Language on the Line

Poetry as the ultimate act of self-creation

By Louise Brooks

IT'S CLEAR from Jimmy Santiago Baca's voice that he hasn't done an interview in a while. Talking on the phone from his home-office in Albuquerque, N.M., the poet seems happy to talk, is constantly laughing along with his comments, and expects an interviewer not only to ask questions, but to answer them as well.

Baca--who will be in town July 14 for a reading at the Sonoma Valley Poetry Festival--has been sticking close to home in recent years, passing up teaching opportunities in order to "live among the coyotes and the horny toads, and track down a roadrunner to see where its nest is.

"That gives me pleasure," he explains. "I can write about that. So that's what I do. I try to not distract myself with Madonna's newest CD."

Over the past two decades Baca has gained recognition, numerous literary awards--including the American Book Award--and chairs at Yale and Berkeley for his lyrical volumes of poetry (Immigrants in Our Own Land, Martín & Meditations on the South Valley, Black Mesa Poems). His vision focuses on the arid, impoverished, searingly beautiful Southwestern landscape of his youth.

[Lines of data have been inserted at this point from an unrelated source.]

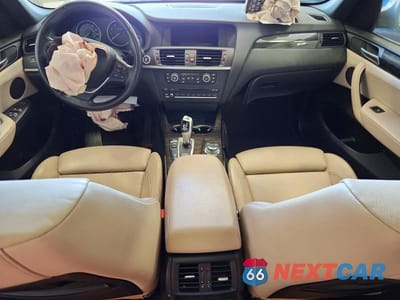 Zdjęcie 8 z 12 samochodu: 2013 BMW X3 XDRIVE28I VIN:5UXWX9C53D0A23684 - miniatura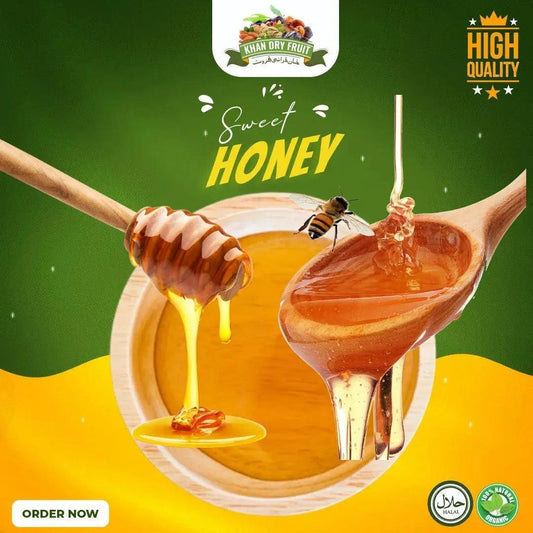 Honey Price in Pakistan | Buy Pure Organic Sidr Beri Honey 1kg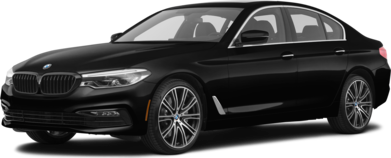 BMW 5 Series 540i xDrive Sedan 4D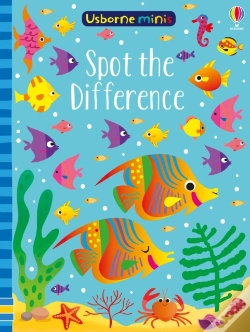 Capa do artigo Spot The Difference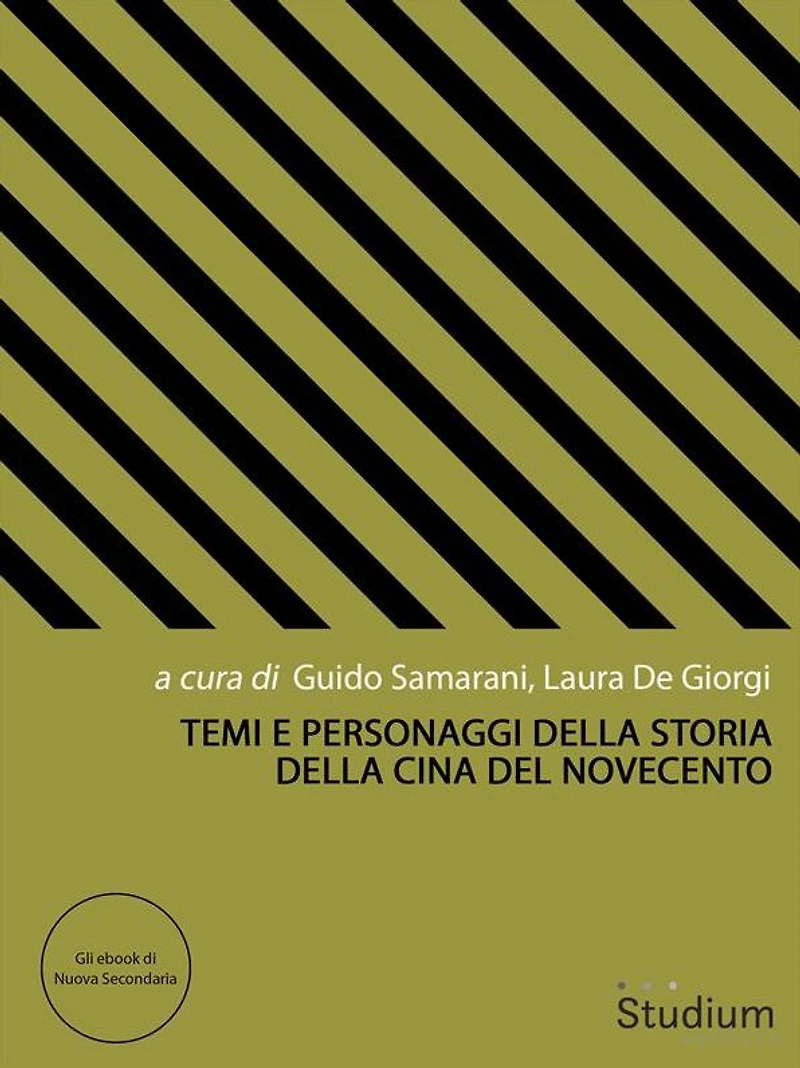 Temi e personaggi della storia della Cina del Novecento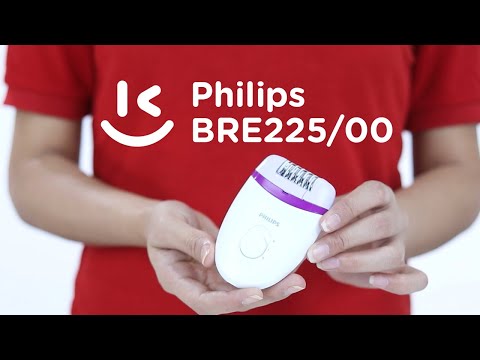 Epilyator Philips BRE225/00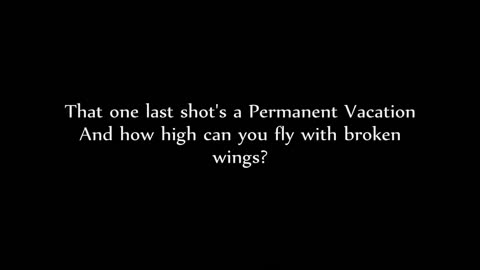 Aerosmith Amazing Lyrics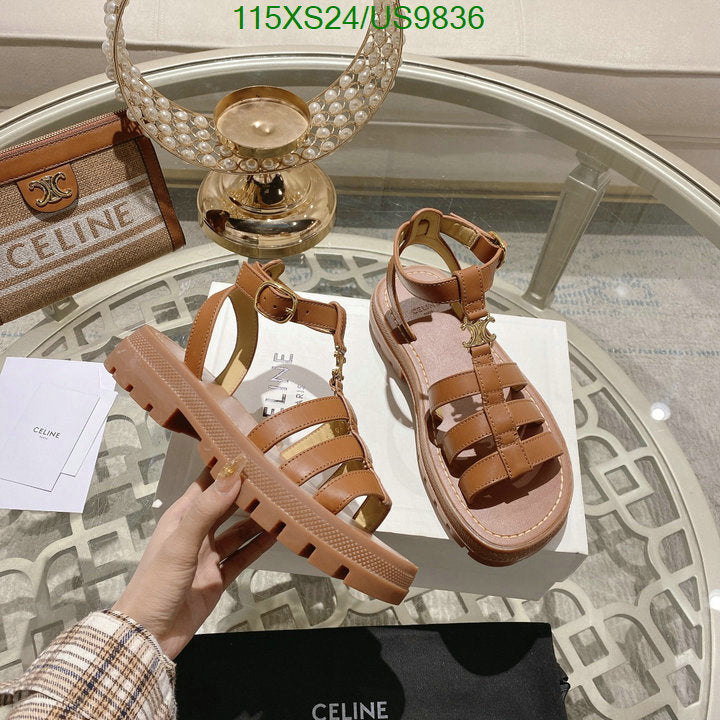 SAMC - COL Women Shoes - 045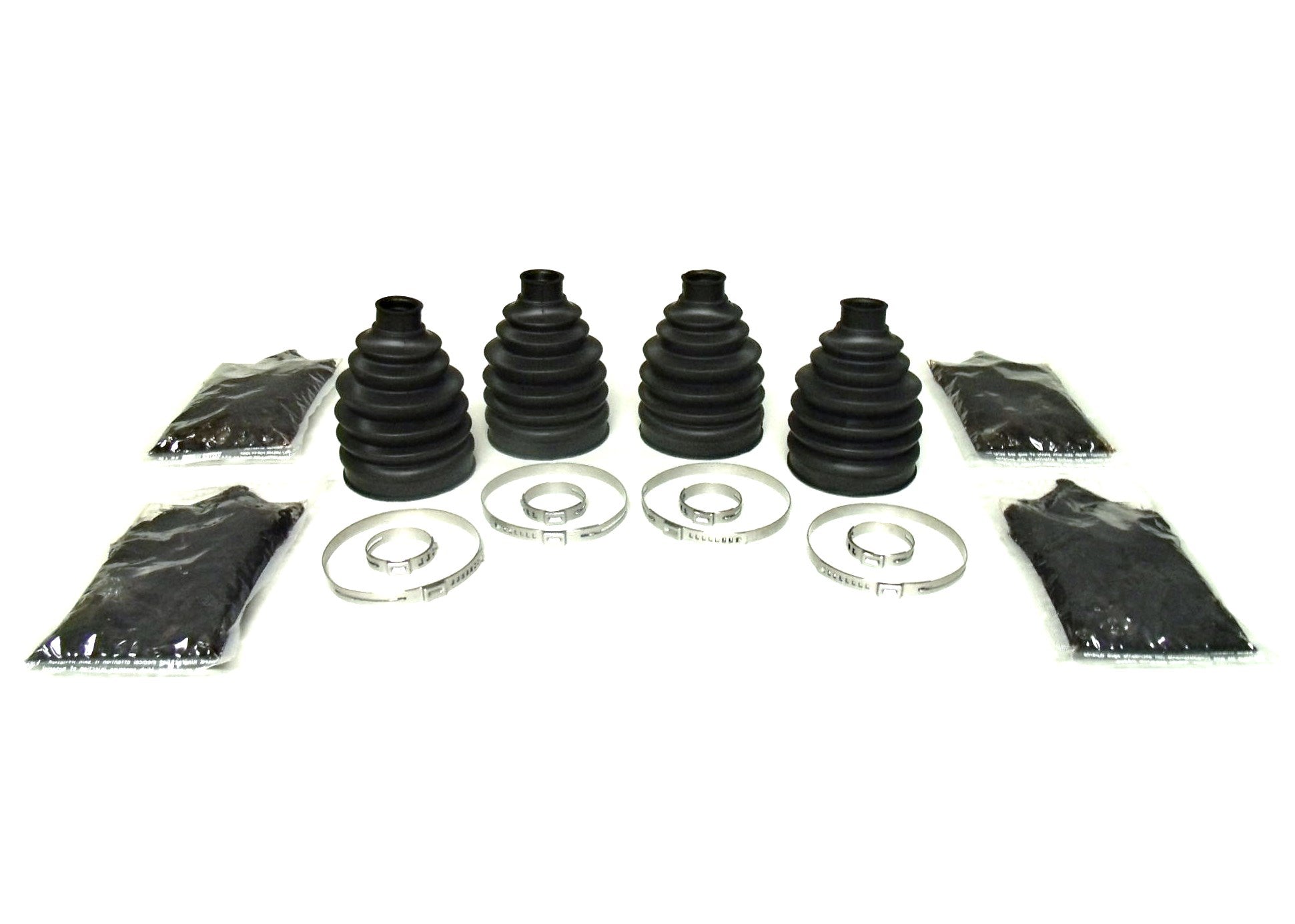 CV Boot Kits for Yamaha Grizzly 550 700 09-15 Outer Front & Rear Set of 4 HD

Much of his poetry and autobiographical writing (Working in the Dark: Reflections of a Poet of the Barrio) also focuses on his continual rebirth through poetry. He does not describe an easy, blissful emergence, however. His is a wrenching, painful birth from which the poet emerges, ragged, bloody, and squinting in the light.

"It really is beautiful to encounter pain," Baca says, "because right behind the pain is God waiting, you know? . . . But we gear this whole society, everything we have, and everything we do, to go away from pain."

Pain has not been rare in Baca's own life, as he makes clear in his long-awaited memoir, A Place to Stand: The Making of a Poet, out this month from Grove Press, which is also publishing a new collection of his poems, titled Healing Earthquakes.

Baca grew up in New Mexico, largely by himself, spending some time in an orphanage. He points out, however, that his self-sufficient childhood gave him a huge freedom of imagination and exploration. "Left to the resources of a child's innocence," he says, "I think it's really amazing what can happen."

But his life took an ugly turn. Hitting the streets as a teenager with few resources and no education, Baca soon ended up in prison on drug charges. It was in prison that Baca stole a book of Romantic poetry and taught himself to read and write. It was a process he compares to putting on glasses for the first time and discovering he'd needed them his whole life. He remembers the first poem that he wrote during this time.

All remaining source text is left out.